October 16, 2019

It Could Have Been So Much Worse

April 23, 2010 by · Leave a Comment 

Joe Posnanski wrote this week about the release of full economic data on the business of baseball by Forbes Magazine.  I can barely balance a check book and maybe gate receipts, market valuations and operating revenues confuse me more than I know, but they look to be telling a fascinating story.  It’s about how major league teams that couldn’t get Aunt Addie out to a game emerged unscathed from the worst economic mess in recent history without TARP money or bailouts.

The data set that jumped out at me was the variability between Gate Receipts and Total Revenue for the thirty MLB teams.  Put another way, teams that couldn’t convince their relatives to come out to a game still were making good money at about the same rate as the Yankees.

For example, five teams generated less than $40 million in total gate for the 2009 season.  It is not difficult to guess who they were: Kansas City, Florida, Tampa Bay, Cincinnati and Toronto.  They are the teams who have suffered through more losing seasons than they care to remember with one exception–Tampa Bay–whose Tropicana Field is its own revenue detraction.

Compare the money those teams took in to the top five, the Yankees, Red Sox, Mets, Cubs and Phillies.  Every one of those teams took in four to five times as much money at the turnstiles, ranging from the Yankees’ $319 million to the Phillies $123 million.

TV revenues are far more important than gate receipts and Bud Selig’s regime of spreading that wealth is what comes through in the data.  The re-distribution of media income or all sorts–from rich to poor–can be seen by comparing total team revenue to team gate receipts.  The Yankees gate receipts of $319 million are just $122 million below their overall revenue total of $441 million.

The Kansas City Royals had gate receipts of only $37 million but total revenues of $155 million. The spread–$118 million–is remarkably close to that of the Yankees.  So how did a team that has such a paltry fan base find other ways to make so much money at about the same rate as the Yanks. They do it by inflating their overall income with revenue sharing.
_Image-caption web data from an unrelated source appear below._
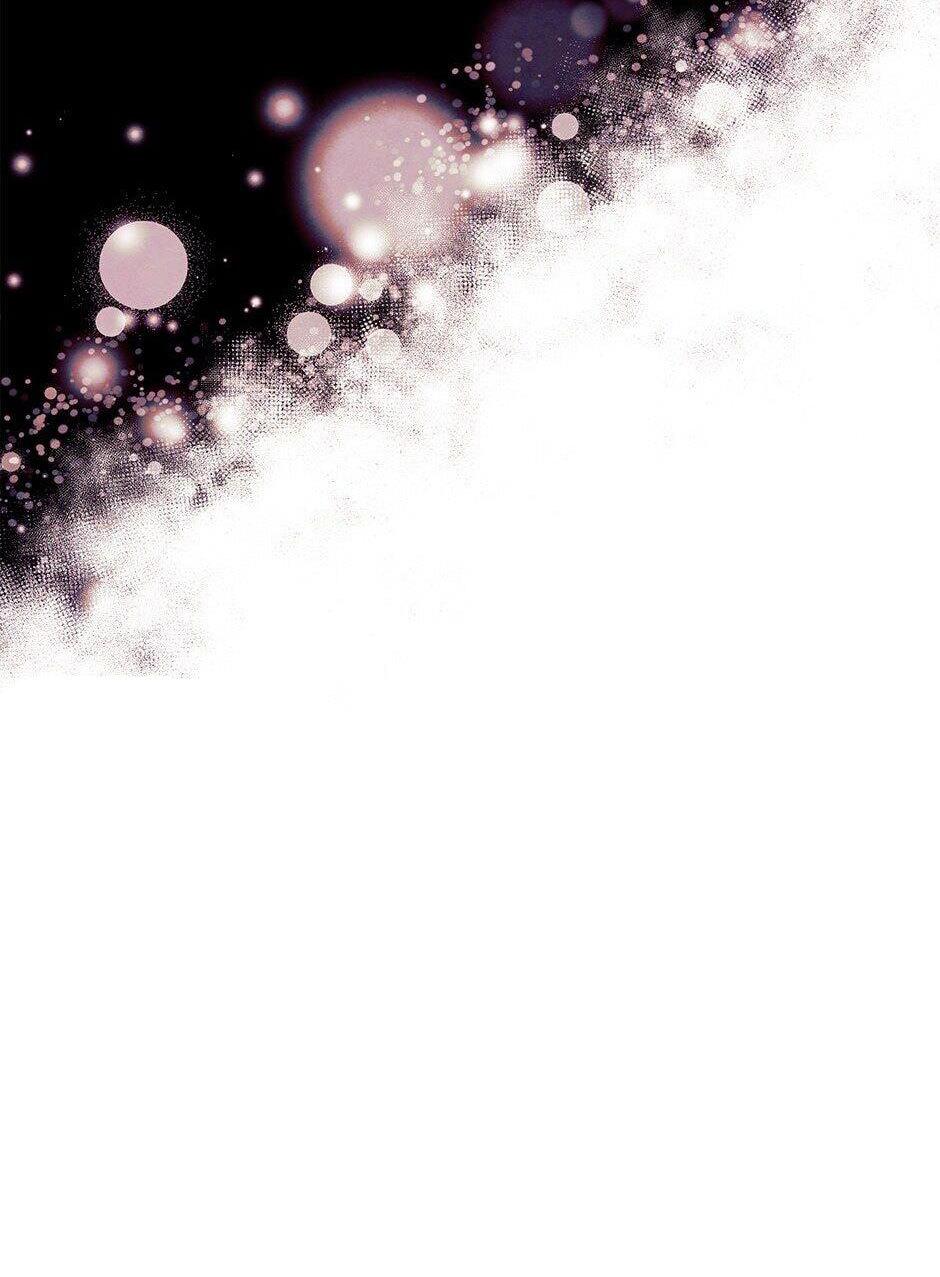 bản khế ước với nữ công tước ác ma chapter 120 76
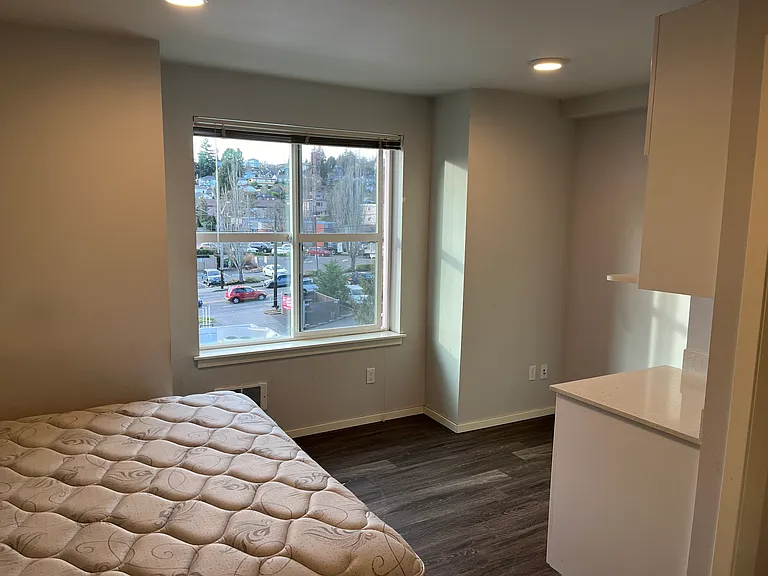 Avalon Micro Studios — Photo 7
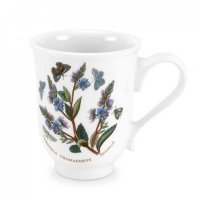  Portmeirion  .  280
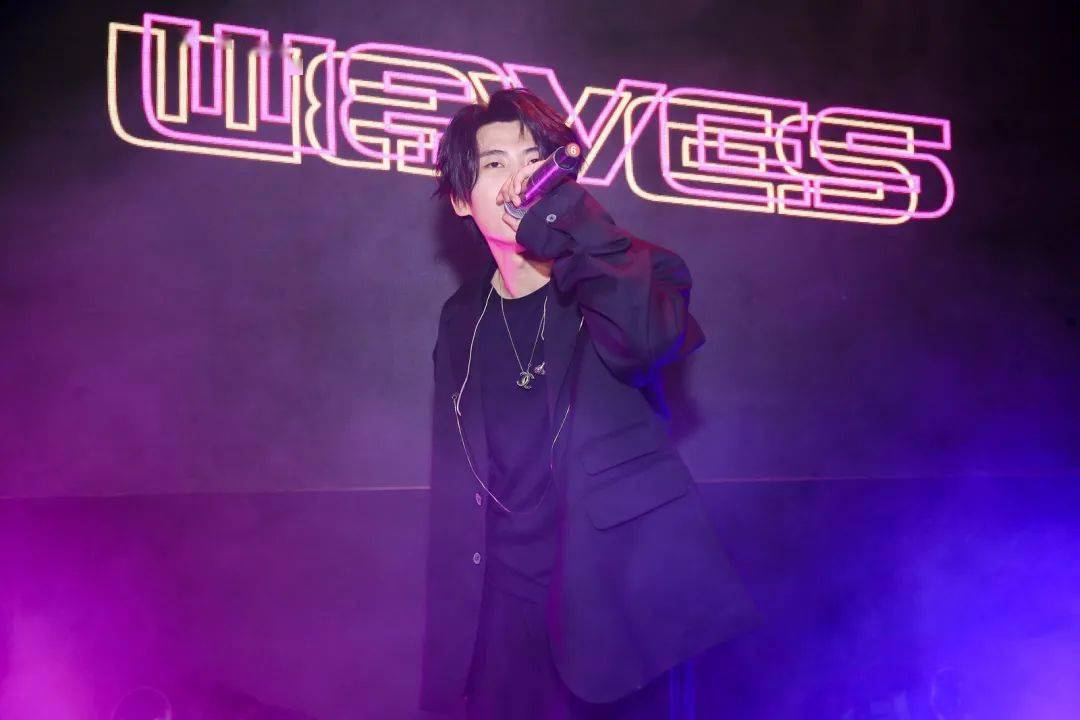 2022贵阳雪花国际啤酒节什么时间开始？嘉宾都有谁？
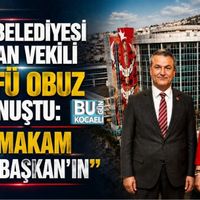 Kocaeli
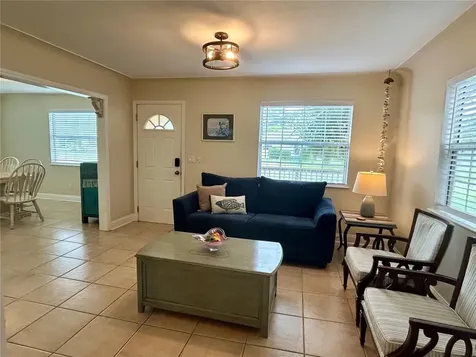 5618 20th Avenue S Gulfport FL 33707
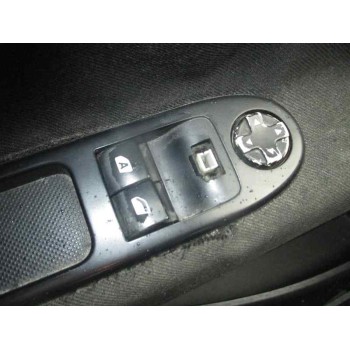 peugeot 207 del año 2006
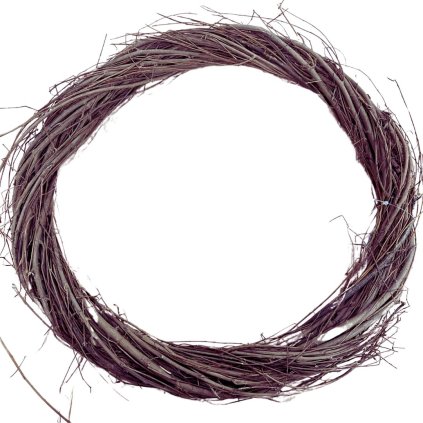 velikonoce (63)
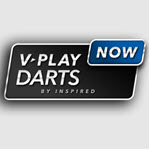 V-Play Darts Now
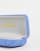 Thumbnail 3 van 4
It is not just the Royals.  The spread is remarkably consistent up and down the list of teams.  The Yankees and the richer teams should be compounding their advantage so that their overall revenue outstrips the Royals by huge amounts.  But revenue sharing is redistributing much of that money and diminishing the effect.

It becomes more obvious in each team’s pre-tax operating income–the closest thing to a profit available in the data.  The Yankees net income is $25 million, chump change for such a hugely profitable operation.  Yet the Marlins turned a cool $46 million in net operating profits.  Florida was able to take the lowest payroll in the game, the lowest gate receipts and turn a profit almost twice that of the Yankees.

It explains as well as anything why the large market teams like the Red Sox and Yankees are so upset with the effects of the current system.  They are bringing in all the money that goes to support the game overall, and small market teams are making almost as much money at the end of the day.  Although the Marlins have been competitive, other teams like the Royals lag at the bottom of the standings as well as in payroll while still making money.

But what of the recession?  What are the effects?  First, there have been no dire predictions by Selig about the economic status of the game.  More importantly, he has not talked about even one team struggling with cash problems–none, nada, nien–all of this in the worst economy since the depression.

There were two teams that reported losing money.  The Arizona Diamondbacks had a negative operating income of $-.6 million.  Given the accounting methods available to Major League teams, it is difficult to know whether Arizona actually lost money, but they didn’t lose enough to cry about.

The Tigers were the other team that reported a substantial negative operating income of -$29.5 million.  That is real money, but Detroit did not join teams like Cleveland in sharp cuts to payroll.  They were the only team with a significant negative in the worst period of overall economic distress since the depression, but they still seem to have the ability to support one of the largest payrolls in the game.

Prior to the various revenue sharing enhancements that Selig established over the last ten years, many of the smaller market teams would never have been able to weather a serious recession such as we have had.  The impact would have been so much worse on the small market teams and on the game overall.  It could have sparked talk again about contraction and teams borrowing money they couldn’t pay back.

All of that could have occurred with the game heading into a collective bargaining period.  Serious labor strife would have been almost guaranteed as the CBA expires in 2011.

The game is in better shape than it ever has been despite the economy.  At no time have the owners of all teams shared in the prosperity of the game so equitably.  It may not make John Henry and the Steinbrenners happy watching the Royals walk off with good money made on their team’s performance.  But the apple cart is feeding everyone handsomely.  Upsetting it would be a foolish move that helps no one.